Gw dari dulu suka banget baca cerpen. Itu juga yang membuat gw ikut kelas ‘Penulisan Populer’-nya Pak Ismail Marahimin, bokapnya @somemandy. Ini yang kerap membuat gw disangka anak Fakultas Sastra, karena nulis soal ini di sampul belakang buku ‘Cheers, UK!’ Percayalah, darah oranye mengalir deras di dalam gw: gw aseli anak FISIP!

Pada masa itu, gw suka banget sama Seno Gumira Ajidarma. Dan kini, ada ‘Johnny Mushroom dan cerita lainnya’ di tangan gw.

Ini adalah kumpulan cerpen karya Zaky Yamani. He may not be the best tour guide in Manila *wink* but he surely is a great writer.

Gw kenal Zaky pas ada training di Manila. Karena kita barengan ke Manila naik Cebu Pasific yang murah meriah, jadilah untuk training yang baru mulai Senin, kita udah berangkat dari Jakarta sejak Jumat tengah malam, fiuh! Untunglah Zaky pernah sekolah di Manila, jadi bisa diperbantukan jadi tour guide; meski sebenernya CV dia agak memalukan: cuma 2-3 kali naik jeepney sepanjang dia di Manila. Lebih sering kelindes ban jeepney, katanya.

Tapi ini postingan bukan soal Zaky, melainkan soal bukunya.

Tulisan pertama, judulnya sama dengan judul buku. Dari tulisan pertama, gw langsung sepaham dengan review yang dibikin sama Rolling Stone Indonesia: ini cerita urban, dengan setting jalanan. Ah betul. Ini kerasa betul di sana. Gw gak berasa asing dengan gaya tulisan begini, karena gw juga udah sering baca tulisan Zaky di multiply dia.

Lanjut ke tulisan kedua. Lantas ketiga. Lantas keempat. Sekarang gw udah sampai di tulisan kesembilan. Impresi yang gw dapat: fulfilled.

Ternyata udah lama gw gak baca tulisan yang impresinya kuat seperti ini. Pilihan-pilihan katanya tepat. Deskripsinya pas. Temanya urban banget. Analoginya menarik. Kisah-kisahnya mengena. Kesan yang disampaikan dalam tulisan, cocok. Yang paling gak tahan: banyak kutipan bahasa Sunda di situ, hihihi.

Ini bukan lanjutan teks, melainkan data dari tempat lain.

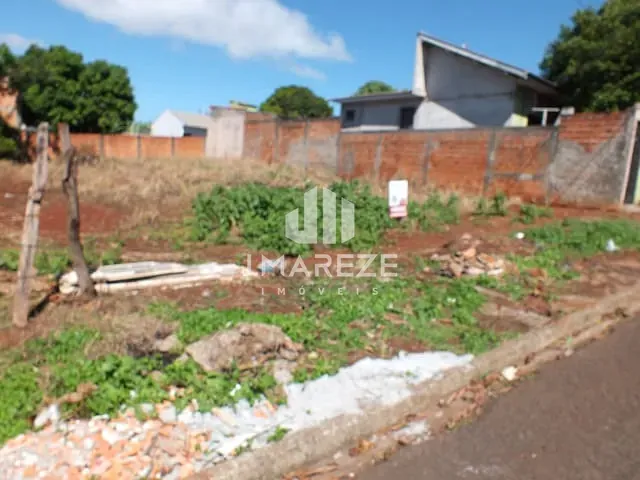 Terreno com 297m², à venda, no bairro Núcleo Habitacional Djalma Mendes de Oliveira em Apucarana
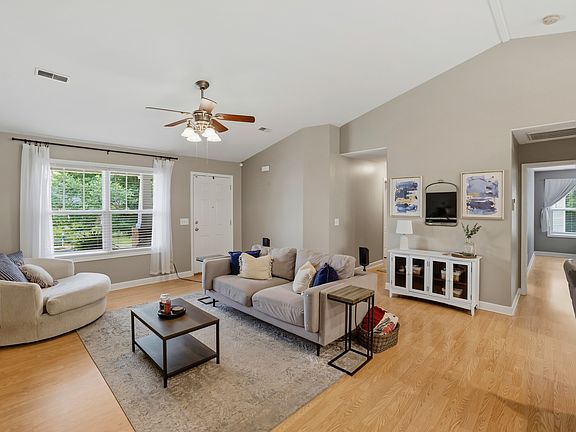 4th image of 6019 Chickadee Cir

Membaca Getir, gw seperti sedang mendengar|membaca Melancholic Bitch; Melbi dengan Joni dan Susi, sementara Zaky dengan Wati dan Dado. Membaca Kambing Gunung Padang Bintang membuat gw terkikik dengan pilihan nama kambing-kambing itu (gw mau jadi Ciscis dongs hihi!). Membaca Percakapan Antara Bur dan Maut bikin gw berpikir keras tentang gw dan pekerjaan gw (semoga gw tidak menjalani ‘hidup tanpa pilihan’ seperti bur dan maut). Selepas baca Michael Nama Anakmu membuat gw ingin memeluk Senja sesegera mungkin. Sementara membaca Lindung bikin gw berasa maknyessss sekaligus helpless. Tulisan nyaris terakhir berjudul Lelaki yang Mati di San Miguel Avenue udah pernah gw baca sebelumnya di multiply Zaky.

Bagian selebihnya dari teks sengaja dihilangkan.